# Differential training of a GeodesyNet
In this notebook we show the differential trainin: how to train a neural density field to represent the difference between a known, homogeneously filled, asteroid and a heterogeneous ground truth.

**NOTE: With respect to a *normal* training (see Starter Notebook) the differences in the code are minimal**. Conceptually, we are now taking advantage of a ground truth 3D model of the asteroid surface.

We suggest to run this notebook in the same conda environment as the one described in the Starter Notebook.

In [2]:
# core stuff
import gravann
import numpy as np
import pickle as pk
import os
from collections import deque

# pytorch
from torch import nn
import torch

# plotting stuff
import matplotlib.pyplot as plt
from mpl_toolkits import mplot3d
%matplotlib notebook

# Ensure that changes in imported module (gravann most importantly) are autoreloaded
%load_ext autoreload
%autoreload 2

# If possible enable CUDA
gravann.enableCUDA()
gravann.fixRandomSeeds()
device = os.environ["TORCH_DEVICE"]
print("Will use device ",device)

The autoreload extension is already loaded. To reload it, use:
  %reload_ext autoreload
Available devices  1
__pyTorch VERSION: 1.11.0
__CUDNN VERSION: 8200
__Number CUDA Devices: 1
Active CUDA Device: GPU 0
Setting default tensor type to Float32
Will use device  cuda:0


# Loading and visualizing the ground truth asteroid
Here we load the ground truth model (mascon) used to generate synthetic acceleration readings. Note that the ground truth is heterogenous, that is its internal mass distribution is not uniform.

In [3]:
# nu will be added
# one of "bennu" "itokawa" "planetesimal"
name_of_gt = "itokawa"

In [4]:
# We load the ground truth (a mascon model of some heterogenous body)
with open("mascons/"+name_of_gt+"_nu.pk", "rb") as file:
    mascon_points, mascon_masses_nu, mascon_name = pk.load(file)
# We also load the homogenous version of the same body
with open("mascons/"+name_of_gt+".pk", "rb") as file:
    _, mascon_masses_u, _ = pk.load(file)
    
mascon_points = torch.tensor(mascon_points)
mascon_masses_nu = torch.tensor(mascon_masses_nu)
mascon_masses_u = torch.tensor(mascon_masses_u)

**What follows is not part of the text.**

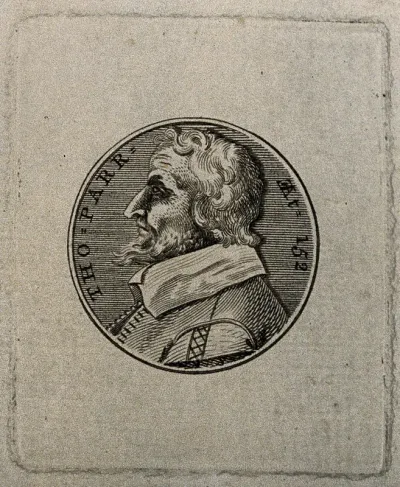 Thomas Parr, aged 152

# Print some information on the loaded ground truth 
# (non-dimensional units assumed. All mascon coordinates
# are thus in -1,1 and the mass is 1)
print("Name: ", mascon_name)
print("Number of points: ", len(mascon_points))
print("Total mass (homogenous): ", sum(mascon_masses_u))
print("Total mass (heterogeneous): ", sum(mascon_masses_nu))

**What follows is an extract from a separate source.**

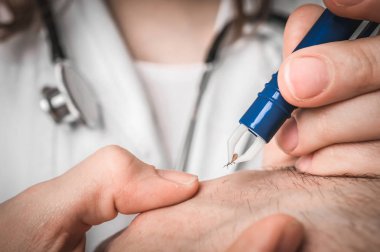Doktor bir kene cımbız ile hasta elden çıkarma.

Name:  Itokawa non-uniform
Number of points:  41748
Total mass (homogenous):  tensor(1.0000, dtype=torch.float64)
Total mass (heterogeneous):  tensor(1.0000, dtype=torch.float64)


In [7]:
# Here we visualize the loaded ground truth. Darker areas,
# the head in the case of Itokawa, correspond to heavier densities.
gravann.plot_mascon(mascon_points, mascon_masses_nu,alpha=0.01)

<IPython.core.display.Javascript object>

# Representing an asteroid via a neural network


## 1 - Defining the network architecture
Here the only change w.r.t. a normal training is the activation function of the last layer
which needs to allow for negative numbers (to be able to remove mass from a homogeneous reference distribution) and is thus an hyperbolic tangent.

In [8]:
# Encoding: direct encoding (i.e. feeding the network directly with the Cartesian coordinates in the unit hypercube)
# was found to work well in most cases. But more options are implemented in the module.
encoding = gravann.direct_encoding()

# The model is here a SIREN network (FFNN with sin non linearities and a final hyperbolic tangent to predict the density)
model = gravann.init_network(encoding, n_neurons=100, model_type="siren", activation =  nn.Tanh())

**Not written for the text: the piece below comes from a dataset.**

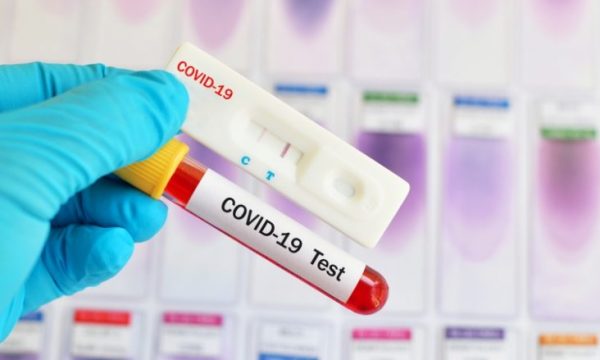1 i vdekur dhe 67 raste të reja me koronavirus në dy javët e fundit në Kosovë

# When a new network is created we init empty training logs
loss_log = []
weighted_average_log = []
running_loss_log = []
n_inferences = []
# .. and we init a loss trend indicators
weighted_average = deque([], maxlen=20)

In [10]:
## ---------------------------------------------------------------------------------------
## IF YOU WANT TO LOAD AN ALREADY TRAINED NETWORK UNCOMMENT HERE.
## 300000 points used for the quadrature, 1000 for batches and trained for 20000 epochs
## If a model is preloaded skip to the later interpretation of results cells
## ---------------------------------------------------------------------------------------

model.load_state_dict(torch.load("models/"+name_of_gt+"_nu_dl.mdl"))
# Once a model is loaded the learned constant c (named kappa in the paper) is unknown 
# and must be relearned (ideally it should also be saved at the end of the training as it is a learned parameter)
c = gravann.compute_c_for_model(model, encoding, mascon_points, mascon_masses_nu, use_acc = True)

  return _VF.meshgrid(tensors, **kwargs)  # type: ignore[attr-defined]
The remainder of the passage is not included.